As I mentioned, the steel is also really shocking in terms of performance. It's a perfect example of the name of the steel not being nearly as important as the maker's mastery of it. Yeah, I've used a $50 knife that was technically made from the same steel, but it sure as heck didn't feel like it. Aside from the insane sharpness, ease of sharpening / maintenance, and very good edge retention, there's a certain "X" factor to this steel. Devin's AEB-L is the other steel that made the same impression on me as being "special" in a way that can't be fully describe just by it's long list of measurable virtues. Oh, and it takes a really outstanding patina. Electric blue/ purple and red (see pic / gallery below). 

*Conclusion: *
There are many excellent knives available for around half the price of this knife. Many of which could probably be considered almost as good or possibly better than this one depending on preferences and application. However, a custom is all about the customer's preferences and application. The difference in price between custom and ready-made is not about getting something that's "good" or "the best", is about getting exactly what you want: a specific collection of features all bundled together just so. Some may disagree, but I also think that it should show the maker's strengths and expertise. Thus, I think that the measure of a custom is not to compare it against any other knife, but to compare it against the customer's desires and expectations. Measured by that standard, this is a perfect knife. I got exactly what I wanted / asked for and then some. It's also an amazing showcase of Jon's expertise and connection with Ginga, and Ginga's mastery of white #2, honyaki, bolster and handle construction and sexy, sexy blades. 

I hope that this was helpful to others considering a custom and wondering about the process and outcome, or at least entertaining. 

More pics:
"new" gallery:
https://picasaweb.google.com/117600618285187025883/GingaHonyaki





Patina:
https://picasaweb.google.com/117600618285187025883/GingaPatina





Refinished:
https://picasaweb.google.com/117600618285187025883/GingaRefinish


----------



## EdipisReks (Nov 2, 2013)

Wow, that looks great!


----------



## Von blewitt (Nov 2, 2013)

Thanks Justin! That was very thorough, and answered all my questions + more.

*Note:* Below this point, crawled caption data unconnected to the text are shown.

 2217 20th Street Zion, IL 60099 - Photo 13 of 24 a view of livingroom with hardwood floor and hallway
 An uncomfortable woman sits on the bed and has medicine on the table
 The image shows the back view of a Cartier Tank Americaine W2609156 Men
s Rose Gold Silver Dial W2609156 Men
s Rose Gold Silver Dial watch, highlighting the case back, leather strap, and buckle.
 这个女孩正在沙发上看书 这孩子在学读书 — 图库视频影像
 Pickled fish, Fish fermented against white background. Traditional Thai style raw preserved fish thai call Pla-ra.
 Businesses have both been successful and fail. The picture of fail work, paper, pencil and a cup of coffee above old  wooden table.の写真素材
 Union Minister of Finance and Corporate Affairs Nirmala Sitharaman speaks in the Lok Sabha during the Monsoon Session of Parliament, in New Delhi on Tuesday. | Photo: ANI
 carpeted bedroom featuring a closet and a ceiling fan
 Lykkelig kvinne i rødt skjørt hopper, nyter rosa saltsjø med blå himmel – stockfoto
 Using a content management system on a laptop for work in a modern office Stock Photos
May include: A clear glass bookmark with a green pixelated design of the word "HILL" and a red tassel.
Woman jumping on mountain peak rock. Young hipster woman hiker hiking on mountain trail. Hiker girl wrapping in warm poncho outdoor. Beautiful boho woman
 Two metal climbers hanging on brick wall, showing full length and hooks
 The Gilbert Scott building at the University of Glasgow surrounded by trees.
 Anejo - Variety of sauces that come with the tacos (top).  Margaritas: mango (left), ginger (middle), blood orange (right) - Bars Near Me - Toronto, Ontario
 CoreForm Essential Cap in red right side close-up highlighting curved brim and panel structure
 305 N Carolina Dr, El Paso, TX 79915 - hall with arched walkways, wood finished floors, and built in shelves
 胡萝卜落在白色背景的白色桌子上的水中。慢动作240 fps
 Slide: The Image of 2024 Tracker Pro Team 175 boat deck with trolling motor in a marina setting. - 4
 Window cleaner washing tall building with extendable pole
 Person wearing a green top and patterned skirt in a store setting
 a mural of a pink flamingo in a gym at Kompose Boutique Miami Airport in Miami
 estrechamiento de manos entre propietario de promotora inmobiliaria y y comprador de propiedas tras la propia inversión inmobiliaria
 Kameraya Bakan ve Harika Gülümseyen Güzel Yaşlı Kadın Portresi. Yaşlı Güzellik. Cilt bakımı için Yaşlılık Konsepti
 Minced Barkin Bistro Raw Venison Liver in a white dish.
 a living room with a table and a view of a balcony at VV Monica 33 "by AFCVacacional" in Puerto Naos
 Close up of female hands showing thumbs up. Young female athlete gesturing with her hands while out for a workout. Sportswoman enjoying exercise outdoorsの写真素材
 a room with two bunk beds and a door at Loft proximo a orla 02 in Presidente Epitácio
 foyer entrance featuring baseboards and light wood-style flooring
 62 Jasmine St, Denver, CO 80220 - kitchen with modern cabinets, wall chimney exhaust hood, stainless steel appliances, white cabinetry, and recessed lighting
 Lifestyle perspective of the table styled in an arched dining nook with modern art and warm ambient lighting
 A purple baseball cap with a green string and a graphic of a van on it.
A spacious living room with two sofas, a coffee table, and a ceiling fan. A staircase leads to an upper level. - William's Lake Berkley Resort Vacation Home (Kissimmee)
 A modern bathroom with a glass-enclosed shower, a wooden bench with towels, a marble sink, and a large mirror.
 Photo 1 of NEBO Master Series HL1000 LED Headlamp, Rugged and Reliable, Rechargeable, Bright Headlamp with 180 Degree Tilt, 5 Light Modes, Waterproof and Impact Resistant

Your posts are always informative

And that knife is amazing!!!


----------



## chuck239 (Nov 2, 2013)

Justin,

I own a 240 Gesshin Ginga honyaki gyuto as well. The knife just blows my mind every time I use it. I have no problem saying it is one of my 2 favorite knives that I don't think will ever leave me. When anyone talks poorly about white steel this knife is all i can think of. It is a truly amazing knife. It's good to see you have one as well and enjoy it as much as I do!

-Chuck


----------



## NO ChoP! (Nov 2, 2013)

"It's like having your imaginary friend ring your doorbell one day"....I dig it! Very well written, thank you.


----------



## stereo.pete (Nov 2, 2013)

Yep, that is an awesome knife, congrats!


----------



## Paradox (Nov 3, 2013)

Wonderful looking knife. Well done.


----------



## chuck239 (Nov 3, 2013)

stereo.pete said:


> Yep, that is an awesome knife, congrats!



Do you have one as well??

-Chuck


----------



## stereo.pete (Nov 3, 2013)

chuck239 said:


> Do you have one as well??
> 
> -Chuck



I wish :knife:


----------



## zitangy (Nov 3, 2013)

" The difference in price between custom and ready-made is not about getting something that's "good" or "the best", is about getting exactly what you want: a specific collection of features all bundled together just so. Some may disagree, but I also think that it should show the maker's strengths and expertise. Thus, I think that the measure of a custom is not to compare it against any other knife, but to compare it against the customer's desires and expectations. Measured by that standard, this is a perfect knife. I got exactly what I wanted / asked for and then some. It's also an amazing showcase of Jon's expertise and connection with Ginga, and Ginga's mastery of white #2, honyaki, bolster and handle construction and sexy, sexy blades. "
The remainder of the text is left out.